Una tendenza che David Deming, professore associato della Harvard University, ha evidenziato nei suoi studi che mettono in risalto come il lavoro oggi si stia spostando sempre più verso delle frontiere che prevedono un’alta propensione al sociale (relazioni e welfare) e alle scienze matematiche (informatica e ingegneria in testa), una tendenza avviata agli inizi degli anni ’80 e oggi sempre più veloce nella crescita. Un fenomeno, dunque, che è possibile studiare e prevedere e per cui vanno prese le “doverose” contromisure: cioè prevedere dei percorsi di studio nuovi e una politica della formazione che già da oggi indirizzi i giovani verso i lavori che in futuro esisteranno ancora, anzi aumenteranno per numero e competenze richieste.
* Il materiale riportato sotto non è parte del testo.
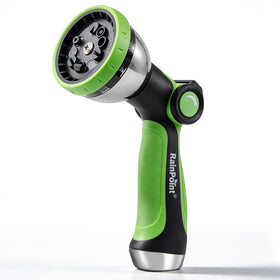 RAINPOINT thumb-control spray nozzle for easy one-handed watering.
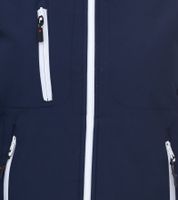 2er Sparpack SANTINO Damen wasserabweisende Softshell-Jacke Outdoor-Jacke Alltags-Jacke 1018311 Blau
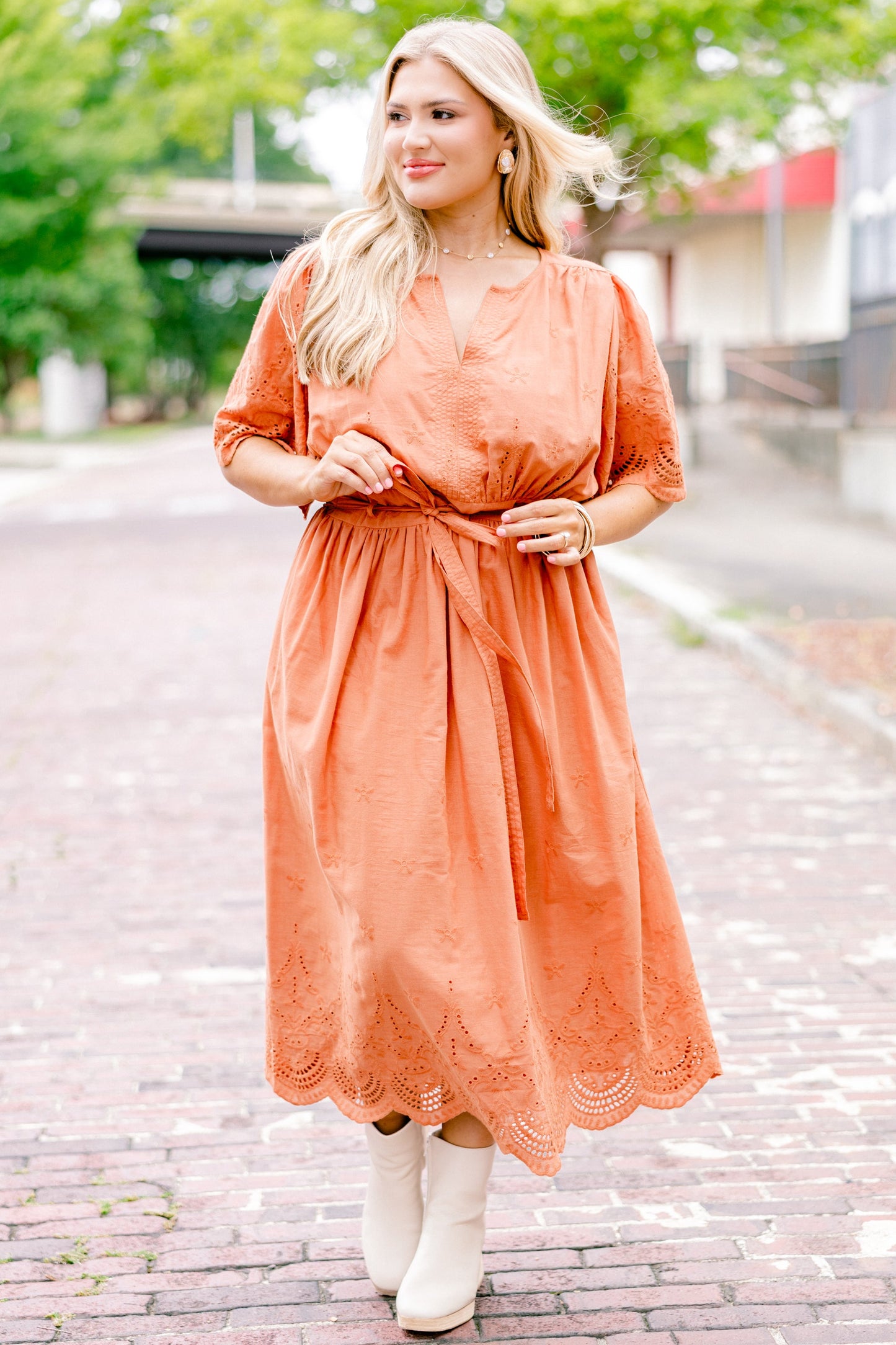 Prueba y Adivina Vestido, Naranja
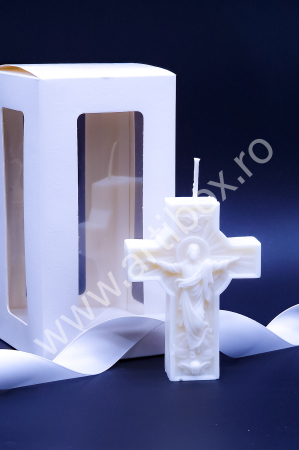 Lumanari ceara de soia - Lumanare decorativa - Tematica religioasa, cadou unisex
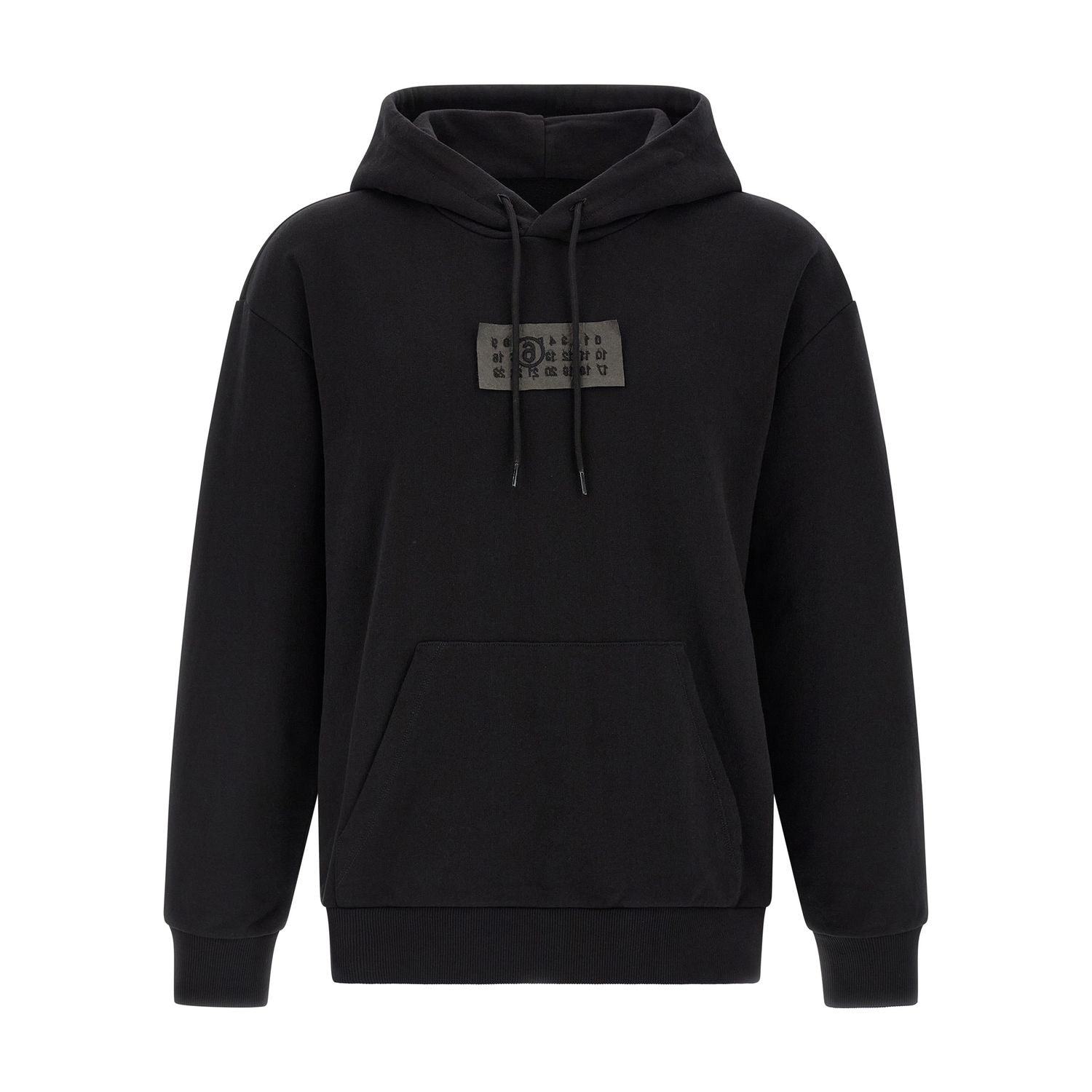 MM6 Maison Margiela Black Cotton Sweatshirt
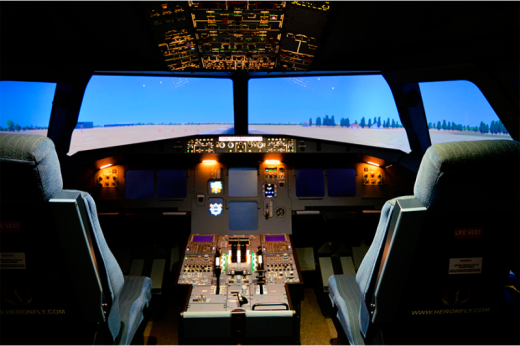 Simulador de vuelo Airbus
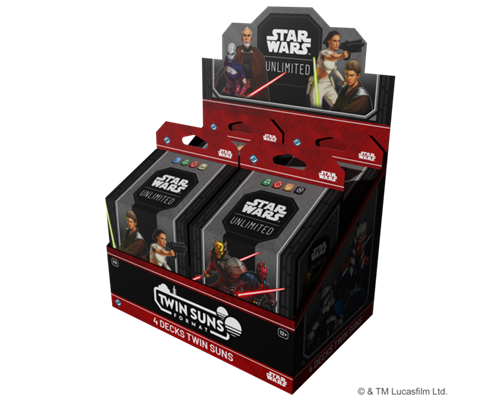 FFG - Star Wars: Unlimited 2026 Twin Suns Deck Display - EN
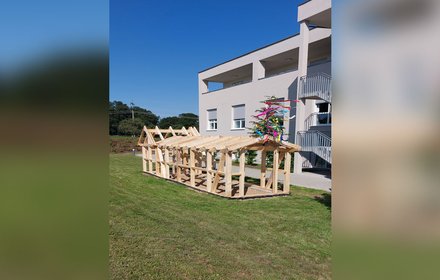  Richtfest unseres neuen Hühnerhauses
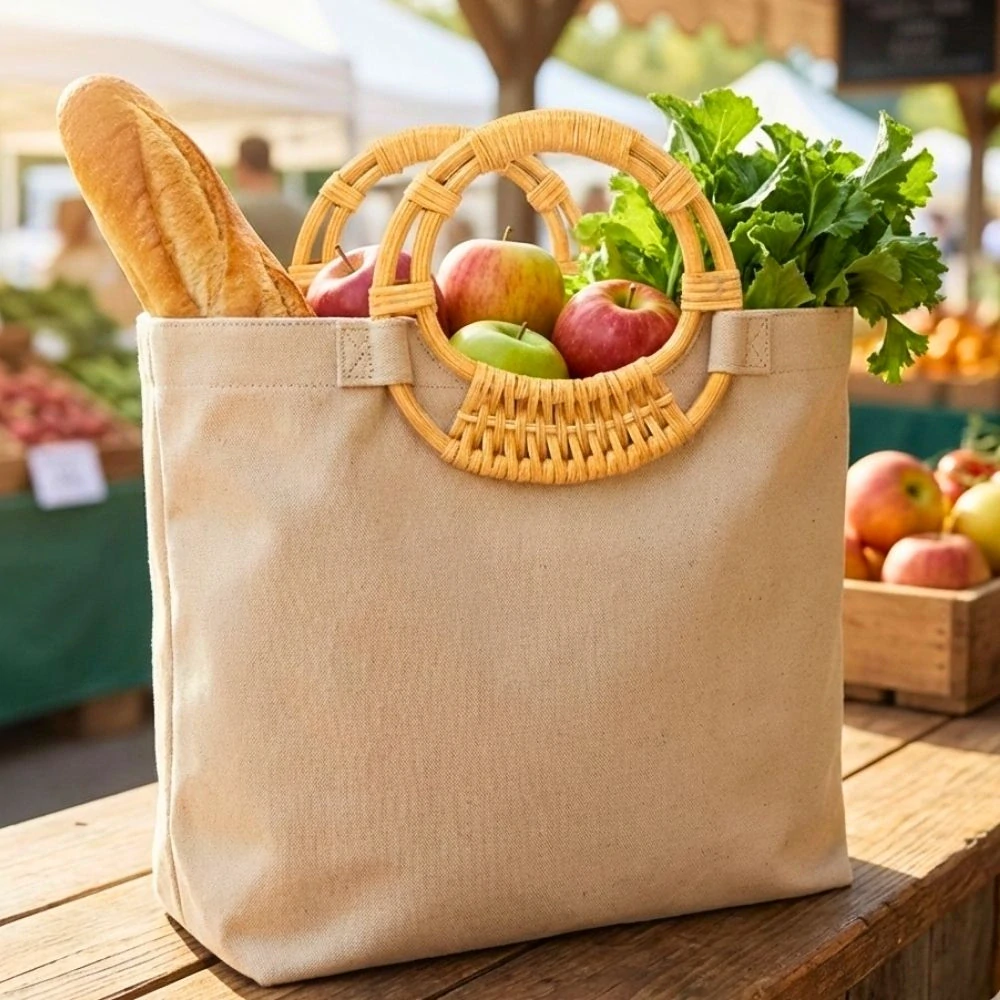 Ratanová rukoväť na kabelku 151.5x153x11.5mm, 2 ks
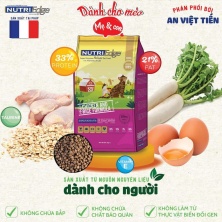 NUTRIEDGE SUPER PREMIUM - dành cho mèo mẹ mang thai và mèo con - vị gà & gạo gói 2kg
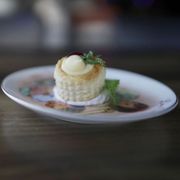 a plate of food on a table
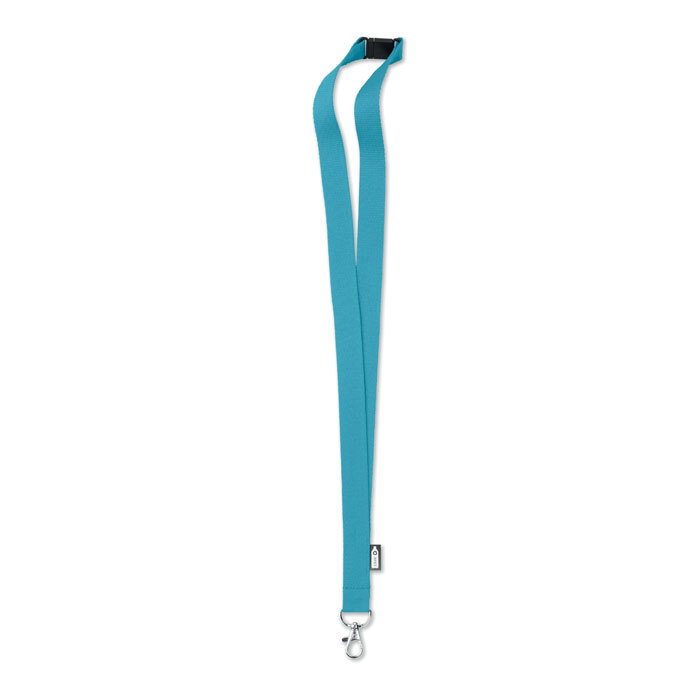 Lanyard in RPET 20 mm бирюзовый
workers-buyoutC’è dunque un bisogno globale di rimettere a fuoco quali siano gli obiettivi e il fine della scuola e delle università; analisi ancor più necessaria in Paesi come il nostro, dove da sempre l’artigianato e la manifattura hanno avuto un ruolo predominante sia a livello economico che occupazionale. Proprio per questo bisogna valutare bene come mettere a frutto “il genio italico” e il talento degli artigiani per sfruttare le nuove tecnologie e non esserne invece vittime inconsapevoli. C’è bisogno che le imprese siano riammodernate, che non abbiano paura dell’innovazione e che comprendono che un’azienda storica non è detto sia al contempo un’impresa “vecchia”, anzi molto spesso le imprese storiche nascono proprio da intuizioni innovative che hanno cambiato il processo produttivo o ne hanno sfruttato spazi ancora poco esplorati.

Dunque, l’Italia ha nel suo DNA questa capacità di adattarsi e di sfruttare al meglio l’innovazione tecnologica, c’è bisogno soltanto di valorizzare questa qualità, metterla a sistema e fare in modo che l’Industria 4.0 non sia solo uno slogan, ma un modello di visione del futuro sempre più prossimo, capace di dare risposte ai tanti giovani che oggi cercano opportunità di lavoro e di crescita, riscoprendo anche il valore del fattore umano che oggi in molti ambiti della formazione e della scuola è un valore marginale.